Tarefa urgente para os que se dedicam à pastoral e para todos os baptizados, é redescobrir os tesouros da identidade católica. A melhor forma de contacto é estar sempre prontos para partilhar com os outros cristãos as nossas convicções e experiências de fé; a nossa tradição; a nossa espiritualidade e a rica diversidade devocional, com coração aberto. Só assim podemos falar verdadeiramente de conhecimento recíproco, diálogo, colaboração e oração comum. Neste sentido, vale a pena citar o que menciona o documento final de Aparecida: "De acordo com a nossa experiência pastoral, muitas vezes as pessoas sinceras que abandonam a nossa Igreja não o fazem por aquilo que os grupos "não católicos" crêem, mas fundamentalmente por aquilo que eles vivem; não por motivações estreitamente dogmáticas mas pastorais; não por problemas teológicos mas metodológicos no interior da nossa Igreja. Na realidade, muitos dos que passam para outros grupos religiosos não querem abandonar a nossa Igreja, mas buscam sinceramente Deus".

Entre os aspectos positivos da mudança gerada dentro do cristianismo pelo surgimento do Pentecostalismo, podemos mencionar a descoberta do papel central do Espírito Santo, o facto de que a conversão pessoal a Jesus Cristo seja requerida de maneira explícita e continuativa durante o período da vida de cada cristão; a ênfase dada à oração e ao poder da oração; a descoberta dos carismas e dos dons espirituais como realidade activa e necessária na vida de cada fiel.

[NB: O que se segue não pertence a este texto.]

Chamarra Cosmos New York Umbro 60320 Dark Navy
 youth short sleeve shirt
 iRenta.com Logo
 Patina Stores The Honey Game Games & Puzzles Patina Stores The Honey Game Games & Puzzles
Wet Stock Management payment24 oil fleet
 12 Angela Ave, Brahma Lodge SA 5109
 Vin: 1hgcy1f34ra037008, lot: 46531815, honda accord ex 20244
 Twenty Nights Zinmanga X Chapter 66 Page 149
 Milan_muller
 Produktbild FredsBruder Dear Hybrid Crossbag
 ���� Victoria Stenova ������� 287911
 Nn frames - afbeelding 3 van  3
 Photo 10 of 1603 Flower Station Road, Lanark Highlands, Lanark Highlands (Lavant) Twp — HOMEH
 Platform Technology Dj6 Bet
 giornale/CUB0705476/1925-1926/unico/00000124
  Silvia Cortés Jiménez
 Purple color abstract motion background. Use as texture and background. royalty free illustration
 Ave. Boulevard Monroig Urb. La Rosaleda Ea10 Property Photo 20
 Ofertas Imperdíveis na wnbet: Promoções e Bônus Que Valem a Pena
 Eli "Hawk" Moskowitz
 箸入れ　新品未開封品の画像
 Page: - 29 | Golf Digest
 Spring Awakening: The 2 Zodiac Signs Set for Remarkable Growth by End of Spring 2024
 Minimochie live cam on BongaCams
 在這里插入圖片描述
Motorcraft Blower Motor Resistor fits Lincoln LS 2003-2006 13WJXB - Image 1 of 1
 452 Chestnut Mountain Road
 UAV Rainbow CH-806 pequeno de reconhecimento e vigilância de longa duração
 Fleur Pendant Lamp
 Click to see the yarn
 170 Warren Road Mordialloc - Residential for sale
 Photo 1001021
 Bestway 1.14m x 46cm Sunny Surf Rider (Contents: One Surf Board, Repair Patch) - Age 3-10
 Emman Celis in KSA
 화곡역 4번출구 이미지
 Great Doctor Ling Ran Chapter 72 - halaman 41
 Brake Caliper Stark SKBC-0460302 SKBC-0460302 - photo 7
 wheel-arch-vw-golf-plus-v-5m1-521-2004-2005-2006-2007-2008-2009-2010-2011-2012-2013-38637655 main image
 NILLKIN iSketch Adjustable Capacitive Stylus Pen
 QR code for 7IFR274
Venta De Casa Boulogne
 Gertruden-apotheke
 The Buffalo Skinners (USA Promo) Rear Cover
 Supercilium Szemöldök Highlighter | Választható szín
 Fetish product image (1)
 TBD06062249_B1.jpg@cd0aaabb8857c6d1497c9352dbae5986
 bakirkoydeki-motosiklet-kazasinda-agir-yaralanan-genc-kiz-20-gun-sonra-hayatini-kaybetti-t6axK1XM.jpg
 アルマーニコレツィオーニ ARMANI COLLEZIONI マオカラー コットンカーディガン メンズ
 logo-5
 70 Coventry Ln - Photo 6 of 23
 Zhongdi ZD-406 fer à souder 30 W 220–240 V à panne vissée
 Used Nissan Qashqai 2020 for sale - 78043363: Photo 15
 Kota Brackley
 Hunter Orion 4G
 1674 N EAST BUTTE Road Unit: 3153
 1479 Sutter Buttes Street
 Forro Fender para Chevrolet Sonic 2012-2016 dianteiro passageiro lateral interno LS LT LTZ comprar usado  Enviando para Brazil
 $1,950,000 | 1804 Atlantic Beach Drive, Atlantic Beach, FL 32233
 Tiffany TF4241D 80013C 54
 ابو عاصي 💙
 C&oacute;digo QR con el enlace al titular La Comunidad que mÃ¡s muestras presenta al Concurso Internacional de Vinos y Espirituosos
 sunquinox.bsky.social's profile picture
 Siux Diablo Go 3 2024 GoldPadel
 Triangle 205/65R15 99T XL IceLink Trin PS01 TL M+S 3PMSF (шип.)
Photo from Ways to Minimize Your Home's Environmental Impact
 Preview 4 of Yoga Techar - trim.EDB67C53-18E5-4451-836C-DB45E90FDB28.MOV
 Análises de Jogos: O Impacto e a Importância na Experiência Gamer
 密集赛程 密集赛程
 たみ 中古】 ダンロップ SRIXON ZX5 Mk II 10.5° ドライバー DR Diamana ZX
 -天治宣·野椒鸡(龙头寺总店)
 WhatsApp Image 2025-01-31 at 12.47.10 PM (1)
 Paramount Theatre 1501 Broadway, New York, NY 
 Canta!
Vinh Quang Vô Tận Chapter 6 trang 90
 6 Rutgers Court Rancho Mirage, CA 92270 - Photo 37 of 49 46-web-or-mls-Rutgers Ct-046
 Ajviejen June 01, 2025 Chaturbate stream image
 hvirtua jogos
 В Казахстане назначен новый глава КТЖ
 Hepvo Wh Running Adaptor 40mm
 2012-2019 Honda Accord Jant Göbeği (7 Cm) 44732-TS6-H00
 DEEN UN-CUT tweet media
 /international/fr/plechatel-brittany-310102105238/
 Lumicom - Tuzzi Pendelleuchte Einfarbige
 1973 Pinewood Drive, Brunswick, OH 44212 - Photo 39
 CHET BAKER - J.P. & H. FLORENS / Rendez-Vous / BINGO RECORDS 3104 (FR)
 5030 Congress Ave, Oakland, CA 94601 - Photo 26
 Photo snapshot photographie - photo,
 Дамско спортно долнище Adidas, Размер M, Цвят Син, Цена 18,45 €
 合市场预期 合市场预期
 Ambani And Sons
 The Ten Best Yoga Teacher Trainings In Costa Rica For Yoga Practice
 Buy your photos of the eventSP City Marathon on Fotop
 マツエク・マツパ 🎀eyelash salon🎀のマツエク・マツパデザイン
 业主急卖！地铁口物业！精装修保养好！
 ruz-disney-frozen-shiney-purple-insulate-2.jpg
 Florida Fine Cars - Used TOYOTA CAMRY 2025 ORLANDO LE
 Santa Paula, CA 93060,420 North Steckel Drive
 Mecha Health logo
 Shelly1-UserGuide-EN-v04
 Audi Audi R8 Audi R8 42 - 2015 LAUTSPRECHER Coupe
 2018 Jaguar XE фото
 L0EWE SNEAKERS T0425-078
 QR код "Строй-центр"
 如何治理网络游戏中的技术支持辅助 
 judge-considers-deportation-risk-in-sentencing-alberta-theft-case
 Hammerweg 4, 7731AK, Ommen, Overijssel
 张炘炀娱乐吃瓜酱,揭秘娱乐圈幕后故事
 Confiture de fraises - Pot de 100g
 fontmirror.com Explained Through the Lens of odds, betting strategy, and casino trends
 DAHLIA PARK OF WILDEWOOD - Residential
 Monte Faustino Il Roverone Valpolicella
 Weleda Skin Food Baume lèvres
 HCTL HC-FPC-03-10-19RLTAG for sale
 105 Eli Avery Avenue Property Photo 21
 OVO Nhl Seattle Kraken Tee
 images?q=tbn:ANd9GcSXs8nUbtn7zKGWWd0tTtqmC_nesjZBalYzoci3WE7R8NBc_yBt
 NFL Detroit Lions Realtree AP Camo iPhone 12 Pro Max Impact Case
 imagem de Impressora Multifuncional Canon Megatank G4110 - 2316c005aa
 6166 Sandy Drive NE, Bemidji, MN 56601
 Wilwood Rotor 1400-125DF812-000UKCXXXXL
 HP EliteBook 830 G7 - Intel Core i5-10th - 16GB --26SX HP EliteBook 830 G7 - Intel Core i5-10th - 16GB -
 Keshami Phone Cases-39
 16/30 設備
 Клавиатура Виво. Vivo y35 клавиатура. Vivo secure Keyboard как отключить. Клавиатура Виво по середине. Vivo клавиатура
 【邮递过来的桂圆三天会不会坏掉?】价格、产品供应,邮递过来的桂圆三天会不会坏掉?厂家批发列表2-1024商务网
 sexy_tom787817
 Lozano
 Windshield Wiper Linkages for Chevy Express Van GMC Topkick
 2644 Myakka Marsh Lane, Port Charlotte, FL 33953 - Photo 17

Ao contrário, é certamente negativo o facto de que o pentecostalismo e os pentecostais realcem a sua experiência e espiritualidade como a única produzida directamente pelo próprio Deus; por conseguinte, não surpreende que não estejamos dispostos a reconhecer a outras experiências cristãs na Igreja a mesma importância e o mesmo papel. Para eles, a plenitude do ser cristão é alcançada com a experiência do "Baptismo no Espírito"; portanto, a diferenciação entre cristãos e pentecostais depende do possuir ou não o Espírito Santo de maneira plena, isto é, assim como está descrito no segundo capítulo dos Actos dos Apóstolos. E por conseguinte, para eles, "um cristão nem sempre é pentecostal, um pentecostal é sempre um verdadeiro cristão".

Foram realizados muitos esforços durantes esses anos a fim de compreender a realidade pentecostal e esclarecer, com a comparação, a tradição católica. O diálogo internacional católico pentecostal, iniciado em 1972 e que chegou à sua quinta fase, também em contratendência com quanto se verificou em alguns lugares, concentrou os seus debates acerca do tornar-se cristãos, servindo-se dos testemunhos bíblicos e patrísticos. 
O relatório On Becoming a Christian: Insights from Scripture and the Patristic Writings. With Some Contemporary Reflections, que será publicado proximamente, é uma verdadeira novidade, sobretudo porque é a primeira vez que católicos e pentecostais estudam juntos os Padres da Igreja e os citam amplamente no documento. Por parte dos Pentecostais não-denominacionais, acolhendo uma sua solicitação e depois de um processo de preparação de vários anos, o Pontifício Conselho para a Promoção da Unidade dos Cristãos realizará conversações preliminares com um grupo dos seus líderes, em Abril de 2008. Tal iniciativa pretende definir a situação acerca da sua identidade eclesial e verificar a possibilidade de estabelecer um processo de aproximação com os católicos.